Pour celle qui assurait alors la présidence de l’Union européenne, le principe en question reste d’ailleurs dans le texte comme un moyen. Et pour éviter toute ambiguïté, insistait-elle, un « protocole » a été spécialement rédigé pour souligner « haut et fort » que « ce moyen doit être conservé dans toute sa plénitude » . Le protocole n° 6 rappelle en effet que « le marché intérieur tel qu’il est défini à l’article I-3 du traité de l’UE comprend un système garantissant que la concurrence n’est pas faussée » . L’article I-3 est celui qui traite des objectifs de l’Union ; le tour de bonneteau est parfait.

Abondant dans le même sens que la chancelière allemande, José Manuel Barroso ajoutait, en réponse à la même question, que le principe de concurrence ne devait en aucun cas être « sapé » , car il constitue « l’une des composantes essentielles du marché unique. Cela doit être très clair » . Contrairement à ce qu’affirme Nicolas Sarkozy, le respect de l’économie ouverte de marché « où la concurrence est libre et non faussée » reste une des pierres angulaires de la construction européenne. Les contraintes induites par ce principe libéral sont toutes reconduites dans le traité : libre circulation des capitaux, statuts et missions de la Banque centrale européenne, obligation d’ouverture à la concurrence des entreprises de service public, pouvoirs de la Commission européenne en matière de concurrence, etc. Aucune des exigences portées par les partisans du « non » n’a été prise en compte. Pas plus le rejet de ces dispositions économiques que la critique de la référence aux « héritages religieux » , celle de l’inscription de la défense européenne dans la politique de l’Otan ou la demande de levée des obstacles à l’amélioration des règles sociales et à l’harmonisation de la fiscalité. Pire, même, la dispense accordée au Royaume-Uni d’appliquer la Charte des droits fondamentaux indique, comme le relève le syndicaliste Pierre Khalfa, que « le social serait donc en option et la concurrence obligatoire. C’est l’officialisation du dumping social ! »

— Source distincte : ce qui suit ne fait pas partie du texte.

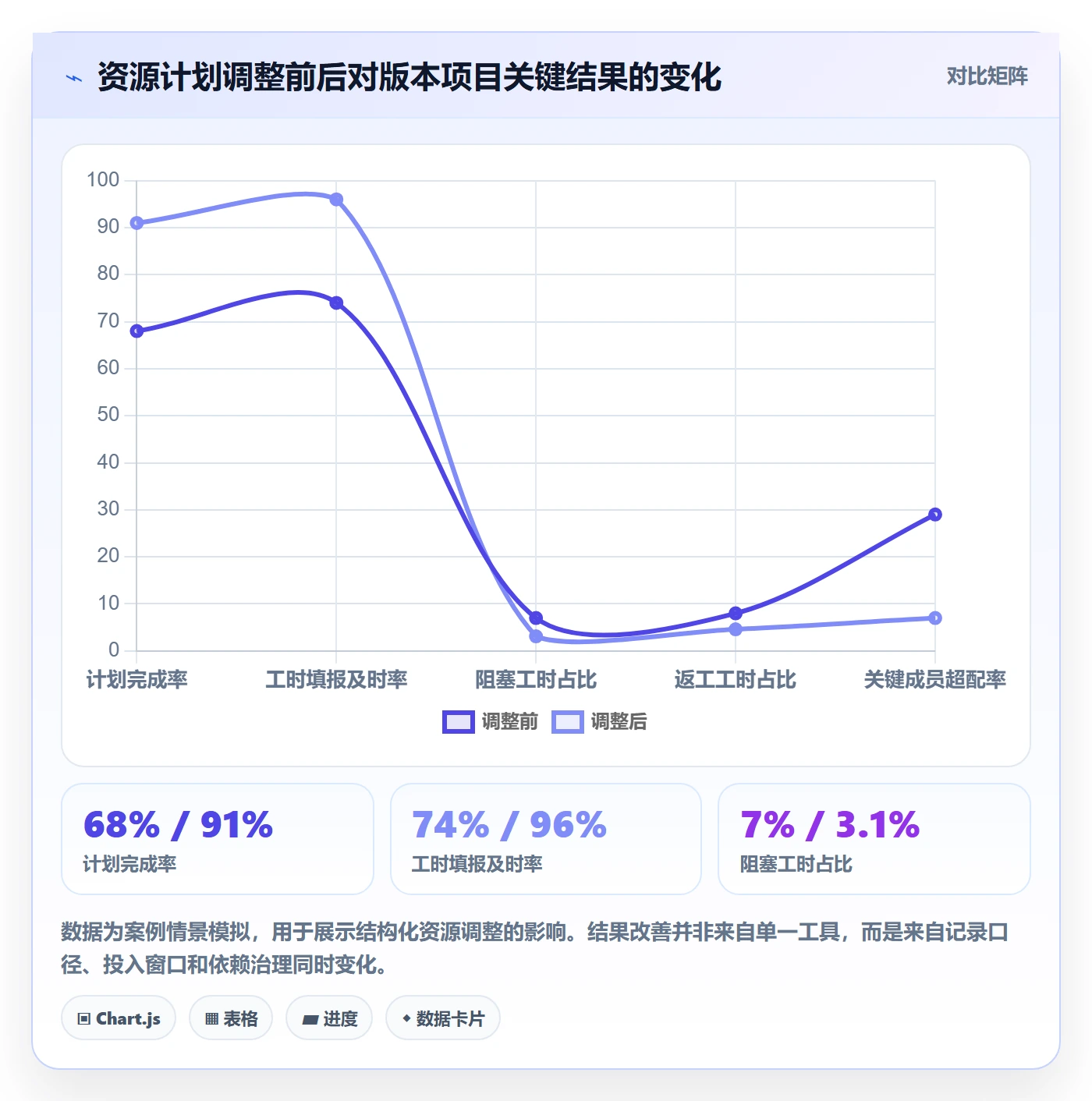 可用工时实操方法:项目成员提升人力资源计划效率的风险控制方法与模板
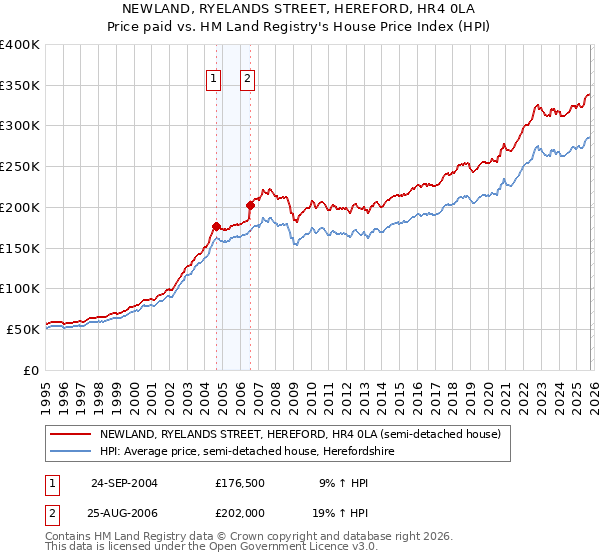 NEWLAND, RYELANDS STREET, HEREFORD, HR4 0LA: Price paid vs HM Land Registry's House Price Index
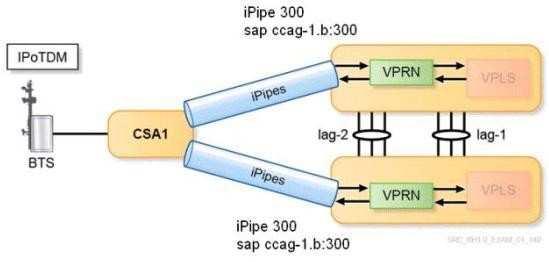 Given the diagram shown and the following information: Ethernet frames carrying payloads targeting the Base Transceiver Station (BTS) enter the ipipe through the Virtual Private Routed Network (VPRN)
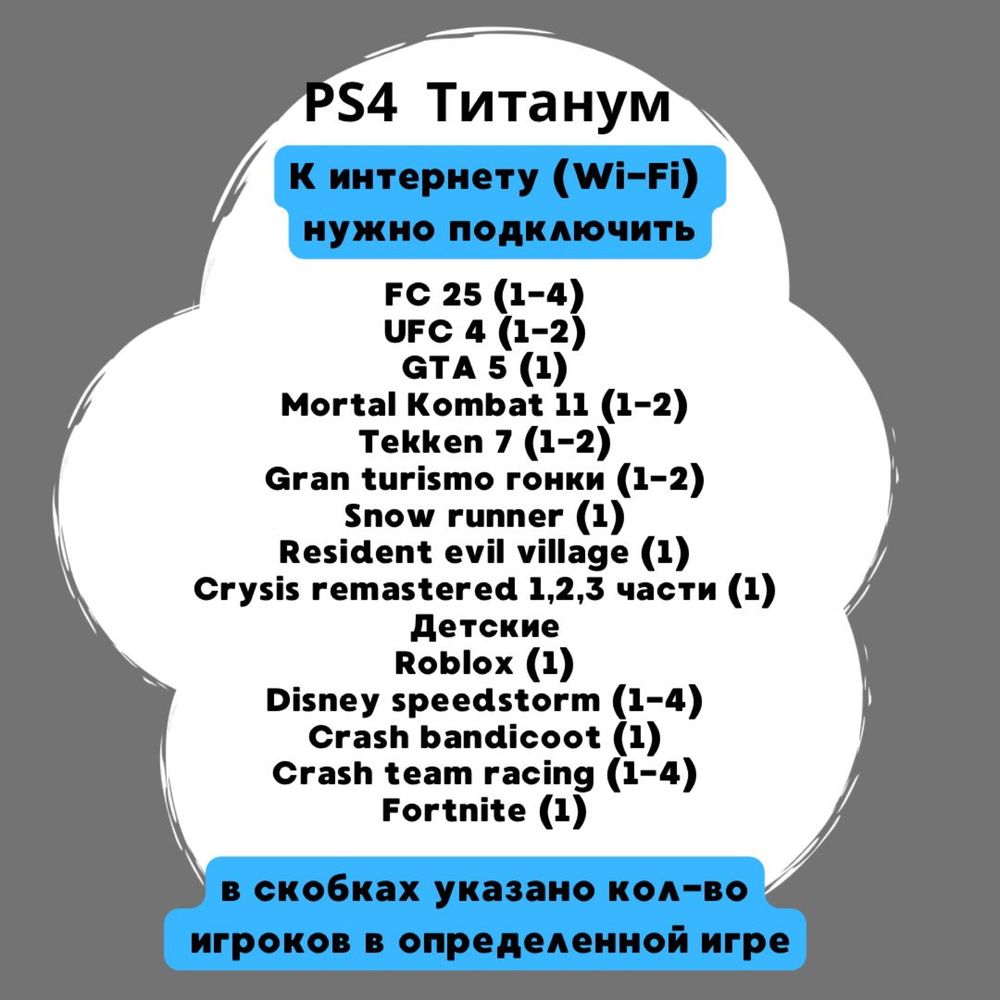МНОГОИГР ПС5 аренда сони плейстейш 4,5 Прокат Sony PlayStation PS4|PS5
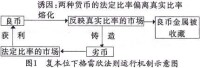 格雷欣法則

L’exigence démocratique n’est pas mieux considérée. Alors que celle-ci était une des principales revendications du « non », les citoyens restent les grands absents de ce processus. Tout a été conçu au sommet et à huis clos. L’absence de référendum, voulu par Nicolas Sarkozy, transformerait ce déni de démocratie en coup de force contre la volonté populaire.